一般的な木造2階建て住宅の多くは、簡易的な「壁量計算」によって耐震性を確認していますが、それだけで構造的な裏付けが十分なのか不安に感じる方もいるのではないでしょうか。

この記事では、より精密な構造計算手法である「許容応力度計算」について紹介します。壁量計算との違い、双方のメリット・デメリットに加えて、2025年の法改正が住宅設計に与える影響まで解説します。

許容応力度計算とは?目的や利点・計算方法・壁量計算との違いを解説

許容応力度計算とは?

許容応力度計算とは?

許容応力度計算とは、地震や台風の力に対して、柱や梁などの部材がどこまで耐えられるかを数値で確認する構造計算です。建物の構造を数値的根拠をもって検証するための方法といえます。

たとえばダンボール箱を指で押すと、最初は変化がありませんが、力を強めるとある瞬間からへこみ始めます。部材にも同じ限界があり、その限界を超えないように設計できているかを確かめるのが「許容応力度計算」です。

許容応力度計算は木造3階建て以上では義務ですが、300㎡以下の木造2階建て以下の建物では義務化されていません。それでも、構造的な裏付けを明確にするために実施することをおすすめします。

建築基準法における構造計算の規定

建築基準法では、建物の安全性を確認するために複数の構造計算方法が定められています。

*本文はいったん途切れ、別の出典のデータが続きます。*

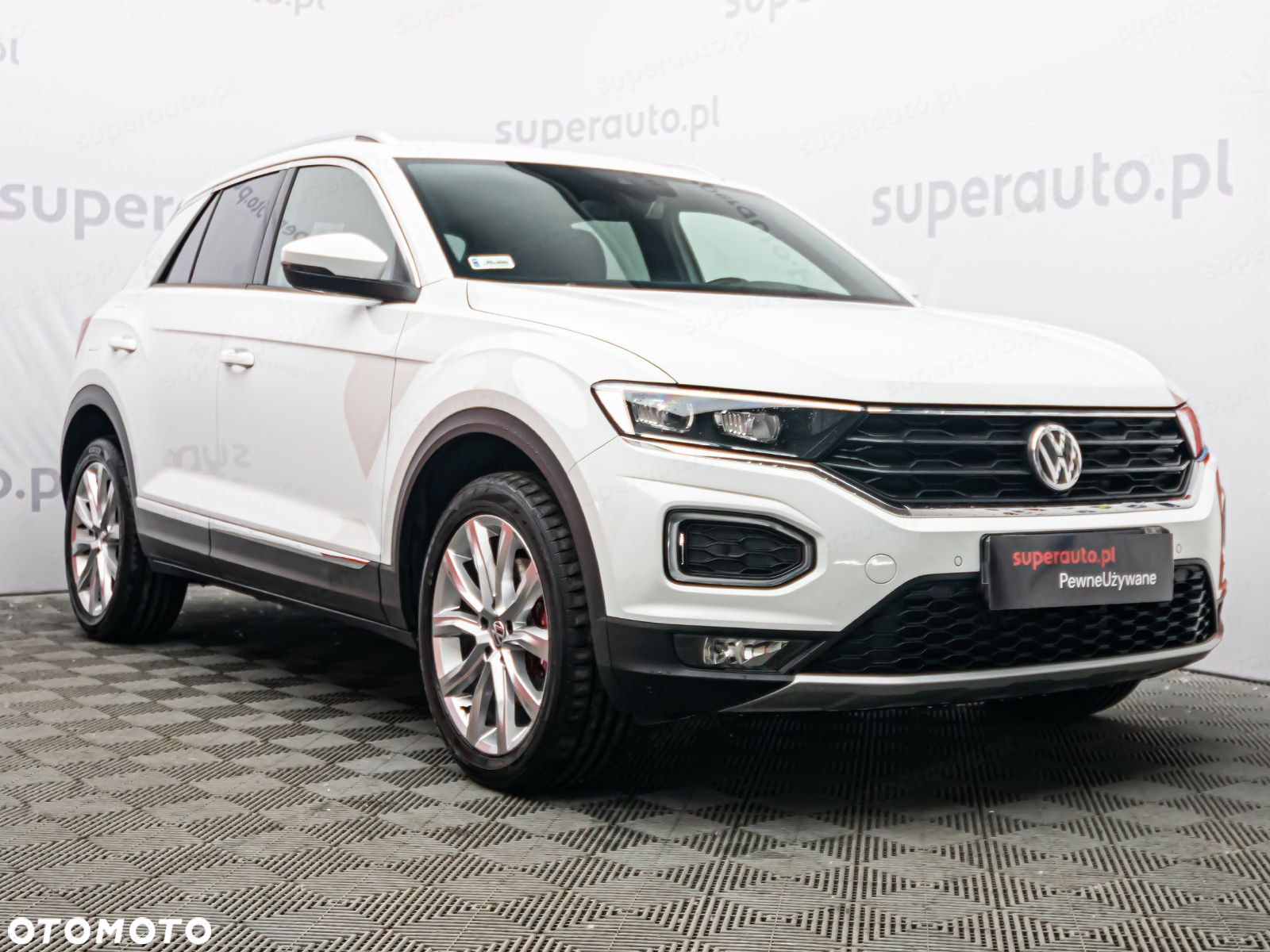 Volkswagen T-Roc 1.5 TSI ACT Premium - 4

このうち、一般的な木造住宅で中心となるのが「許容応力度計算」です。

構造計算には、超高層建築などで用いられるより高度で複雑な手法も存在しますが、通常の住宅建築において求められる構造の検証は許容応力度計算で対応できます。

建物全体を立体的に把握し、柱や梁などの各部材にかかる力を細かく検証できるため、簡易的な壁量計算では把握しきれない弱点を発見しやすくなります。

設計段階でこの計算をきちんと実施することで、構造的な裏付けが明確になります。

出典:e-GOV「建築基準法施行令第82条6項」

こちらの記事では、構造計算について解説しています。
家の強度を確認する方法や構造計算が必須となる住宅も取り上げているため、ぜひあわせてご覧ください。

許容応力度計算と壁量計算の違い

許容応力度計算と壁量計算の違い

木造2階建て住宅でよく使われる「壁量計算」は、建物の床面積から必要な耐力壁の量を算出し、その配置が適切かどうかを確認する簡易的な方法です。地震や風に対して最低限の強さがあるかを判断する目的で用いられています。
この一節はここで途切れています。